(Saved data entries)
········
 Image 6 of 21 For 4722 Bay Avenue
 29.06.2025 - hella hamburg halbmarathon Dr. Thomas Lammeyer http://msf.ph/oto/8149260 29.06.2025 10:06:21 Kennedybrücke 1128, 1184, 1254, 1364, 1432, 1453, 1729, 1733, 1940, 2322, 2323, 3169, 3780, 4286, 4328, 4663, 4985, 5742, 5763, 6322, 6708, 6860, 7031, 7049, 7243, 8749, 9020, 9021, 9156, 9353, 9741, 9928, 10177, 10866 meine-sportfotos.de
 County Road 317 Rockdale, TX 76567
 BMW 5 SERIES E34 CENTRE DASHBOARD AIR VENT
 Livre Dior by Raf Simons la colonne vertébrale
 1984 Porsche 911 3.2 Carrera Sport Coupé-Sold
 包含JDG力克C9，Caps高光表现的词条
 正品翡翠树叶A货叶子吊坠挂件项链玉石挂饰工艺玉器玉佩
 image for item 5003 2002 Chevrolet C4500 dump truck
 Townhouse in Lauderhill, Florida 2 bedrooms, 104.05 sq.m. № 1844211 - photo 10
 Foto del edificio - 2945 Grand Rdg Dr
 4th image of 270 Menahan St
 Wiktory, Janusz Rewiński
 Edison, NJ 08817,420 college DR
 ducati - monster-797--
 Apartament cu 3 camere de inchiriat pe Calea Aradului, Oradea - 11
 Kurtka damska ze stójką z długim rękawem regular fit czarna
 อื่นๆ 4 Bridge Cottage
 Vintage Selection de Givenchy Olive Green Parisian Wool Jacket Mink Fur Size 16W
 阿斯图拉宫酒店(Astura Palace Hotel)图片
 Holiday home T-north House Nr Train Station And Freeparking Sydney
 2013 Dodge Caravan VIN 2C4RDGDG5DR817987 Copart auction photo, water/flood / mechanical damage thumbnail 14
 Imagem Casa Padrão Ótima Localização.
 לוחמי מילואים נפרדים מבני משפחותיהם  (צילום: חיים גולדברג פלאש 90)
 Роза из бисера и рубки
········
Aim of the task: Each line containing the word "photo" needs to be copied from the data above.

The answer:
 Townhouse in Lauderhill, Florida 2 bedrooms, 104.05 sq.m. № 1844211 - photo 10
 2013 Dodge Caravan VIN 2C4RDGDG5DR817987 Copart auction photo, water/flood / mechanical damage thumbnail 14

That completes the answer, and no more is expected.